Love, Mystery, and the Gaelic and Indian
Origins of the American Revolution
The spring semester is always a journey toward light, but the fall semester is never quite a journey toward darkness. As the campus community readies itself for the holidays, another semester at the Department of History is drawing to a close, and it has been marked by two realities, one old and the other new. The new reality is what could be described as almost post-pandemic. It is not that the pandemic has vanished. It has gone sufficiently into remission, though, for many layers of normalcy to have returned to the life of the university and to the Department. It has been a joy to see students in class and on campus doing what they do when a pandemic is not getting in the way.
As I write this, the Department has begun its relocation: from O'Boyle Hall, on the northwestern corner of campus, to the third floor of McMahon Hall, which will put us at the center of things.

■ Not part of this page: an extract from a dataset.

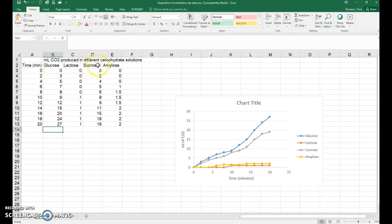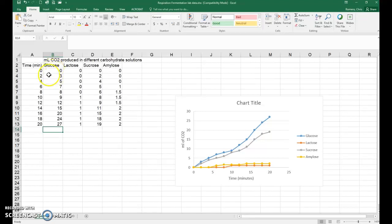As you can see, I've got my data all set up, and I've clicked on a cell underneath the data for CO2 production for the glucose carbohydrate that was added to the yeast. So I'm going to calculate that rate. You can follow this exact same procedure for all of the other carbohydrates.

The move is proceeding in stages and won't be complete until the summer of 2024, but we look forward to being in a place -- for the first time in some while -- that will afford a true home, a space for us to congregate. Definitely an occasion to celebrate with a housewarming! We hope that alumni will think of coming "home" to visit us when that day arrives.
The old reality is one of education and scholarship. It has been, as ever, a busy time in this respect.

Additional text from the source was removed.